What is needed => Copy each line of the entries beneath that contains the word "Long".

-- Records provided follows --

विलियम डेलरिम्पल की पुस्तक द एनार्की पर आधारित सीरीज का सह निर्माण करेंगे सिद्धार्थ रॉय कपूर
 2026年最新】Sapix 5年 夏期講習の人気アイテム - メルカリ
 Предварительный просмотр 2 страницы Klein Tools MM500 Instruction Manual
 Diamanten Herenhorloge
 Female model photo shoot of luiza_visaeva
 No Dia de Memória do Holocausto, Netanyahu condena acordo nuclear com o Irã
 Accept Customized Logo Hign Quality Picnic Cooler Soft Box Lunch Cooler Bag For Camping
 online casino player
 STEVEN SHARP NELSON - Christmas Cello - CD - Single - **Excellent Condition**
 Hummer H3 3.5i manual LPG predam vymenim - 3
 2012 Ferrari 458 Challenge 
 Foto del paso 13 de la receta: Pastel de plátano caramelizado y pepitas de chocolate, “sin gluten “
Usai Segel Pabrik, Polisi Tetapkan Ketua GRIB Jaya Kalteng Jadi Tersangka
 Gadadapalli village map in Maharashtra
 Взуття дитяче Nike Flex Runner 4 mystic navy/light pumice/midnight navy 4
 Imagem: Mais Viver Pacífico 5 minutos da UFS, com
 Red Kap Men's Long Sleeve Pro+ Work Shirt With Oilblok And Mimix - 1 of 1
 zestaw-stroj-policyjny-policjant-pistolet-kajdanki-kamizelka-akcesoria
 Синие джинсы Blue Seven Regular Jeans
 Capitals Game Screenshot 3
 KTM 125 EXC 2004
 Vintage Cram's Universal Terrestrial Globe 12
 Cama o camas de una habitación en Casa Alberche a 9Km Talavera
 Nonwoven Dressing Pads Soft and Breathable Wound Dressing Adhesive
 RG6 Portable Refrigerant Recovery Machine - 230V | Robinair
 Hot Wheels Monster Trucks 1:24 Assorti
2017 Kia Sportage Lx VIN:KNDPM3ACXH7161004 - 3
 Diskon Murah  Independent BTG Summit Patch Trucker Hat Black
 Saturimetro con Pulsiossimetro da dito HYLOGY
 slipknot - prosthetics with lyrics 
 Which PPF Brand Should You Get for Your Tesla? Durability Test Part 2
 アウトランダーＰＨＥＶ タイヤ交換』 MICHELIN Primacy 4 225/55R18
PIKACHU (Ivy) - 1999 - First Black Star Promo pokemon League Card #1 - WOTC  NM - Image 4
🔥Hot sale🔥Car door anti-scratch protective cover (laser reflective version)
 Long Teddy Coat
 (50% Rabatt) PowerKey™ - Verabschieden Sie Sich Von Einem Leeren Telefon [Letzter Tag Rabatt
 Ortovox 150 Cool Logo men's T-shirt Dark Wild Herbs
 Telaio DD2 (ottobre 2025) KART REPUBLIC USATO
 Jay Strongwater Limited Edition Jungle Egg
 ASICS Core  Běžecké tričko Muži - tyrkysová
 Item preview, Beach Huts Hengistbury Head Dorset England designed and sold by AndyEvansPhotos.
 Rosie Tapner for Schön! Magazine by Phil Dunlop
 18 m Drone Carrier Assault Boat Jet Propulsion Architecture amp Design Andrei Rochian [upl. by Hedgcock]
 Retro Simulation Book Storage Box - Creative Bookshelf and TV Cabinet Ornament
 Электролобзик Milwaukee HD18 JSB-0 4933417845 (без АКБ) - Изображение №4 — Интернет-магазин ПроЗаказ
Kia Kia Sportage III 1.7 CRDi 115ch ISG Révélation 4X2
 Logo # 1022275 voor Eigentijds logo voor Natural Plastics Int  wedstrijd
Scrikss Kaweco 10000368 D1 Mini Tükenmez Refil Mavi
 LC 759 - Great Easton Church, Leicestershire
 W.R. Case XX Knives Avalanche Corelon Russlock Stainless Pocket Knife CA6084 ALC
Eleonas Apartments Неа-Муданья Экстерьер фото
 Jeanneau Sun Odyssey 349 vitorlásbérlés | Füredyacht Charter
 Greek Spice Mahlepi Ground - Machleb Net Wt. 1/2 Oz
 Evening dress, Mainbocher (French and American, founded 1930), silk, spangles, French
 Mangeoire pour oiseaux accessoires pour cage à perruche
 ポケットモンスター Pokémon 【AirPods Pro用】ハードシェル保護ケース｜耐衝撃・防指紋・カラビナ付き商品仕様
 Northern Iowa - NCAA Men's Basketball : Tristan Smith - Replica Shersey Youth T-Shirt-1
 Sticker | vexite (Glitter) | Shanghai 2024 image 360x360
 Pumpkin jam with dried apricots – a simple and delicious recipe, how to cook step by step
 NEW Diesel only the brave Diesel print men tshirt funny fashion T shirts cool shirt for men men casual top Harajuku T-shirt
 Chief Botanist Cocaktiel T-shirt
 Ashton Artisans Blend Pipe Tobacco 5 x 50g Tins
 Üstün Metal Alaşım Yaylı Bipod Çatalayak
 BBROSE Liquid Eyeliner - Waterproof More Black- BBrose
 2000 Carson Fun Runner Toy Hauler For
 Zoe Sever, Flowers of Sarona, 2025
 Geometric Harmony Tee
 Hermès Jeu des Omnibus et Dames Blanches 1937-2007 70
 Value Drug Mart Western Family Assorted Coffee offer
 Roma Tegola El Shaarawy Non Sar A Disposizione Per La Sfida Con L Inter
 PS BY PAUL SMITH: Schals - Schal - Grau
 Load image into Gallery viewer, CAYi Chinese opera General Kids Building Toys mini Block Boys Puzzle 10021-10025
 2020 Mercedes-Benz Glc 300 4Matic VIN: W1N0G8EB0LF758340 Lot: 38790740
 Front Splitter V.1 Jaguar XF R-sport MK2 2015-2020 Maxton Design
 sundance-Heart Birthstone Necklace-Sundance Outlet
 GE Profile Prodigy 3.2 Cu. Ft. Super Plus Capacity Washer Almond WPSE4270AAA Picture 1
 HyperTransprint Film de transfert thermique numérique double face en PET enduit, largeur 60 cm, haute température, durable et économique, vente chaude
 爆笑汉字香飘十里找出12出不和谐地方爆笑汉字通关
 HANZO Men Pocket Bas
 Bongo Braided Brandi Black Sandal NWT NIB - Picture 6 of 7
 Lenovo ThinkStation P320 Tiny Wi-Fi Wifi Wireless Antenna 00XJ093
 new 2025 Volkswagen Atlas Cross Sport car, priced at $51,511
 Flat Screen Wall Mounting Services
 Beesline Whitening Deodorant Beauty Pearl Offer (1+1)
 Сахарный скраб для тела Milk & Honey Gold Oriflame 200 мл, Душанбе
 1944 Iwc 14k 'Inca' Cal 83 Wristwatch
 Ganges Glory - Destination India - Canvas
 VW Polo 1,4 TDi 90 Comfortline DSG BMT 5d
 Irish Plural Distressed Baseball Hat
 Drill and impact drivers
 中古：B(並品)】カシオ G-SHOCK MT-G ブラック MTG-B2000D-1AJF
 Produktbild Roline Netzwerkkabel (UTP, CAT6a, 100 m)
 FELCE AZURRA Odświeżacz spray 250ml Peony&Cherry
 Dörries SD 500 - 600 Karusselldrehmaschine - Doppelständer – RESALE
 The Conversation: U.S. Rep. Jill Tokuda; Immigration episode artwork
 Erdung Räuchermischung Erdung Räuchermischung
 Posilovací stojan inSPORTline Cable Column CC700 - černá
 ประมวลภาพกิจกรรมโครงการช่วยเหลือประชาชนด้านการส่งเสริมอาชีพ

-- Records provided concluded --

Completed exercise =>
 Red Kap Men's Long Sleeve Pro+ Work Shirt With Oilblok And Mimix - 1 of 1
 Long Teddy Coat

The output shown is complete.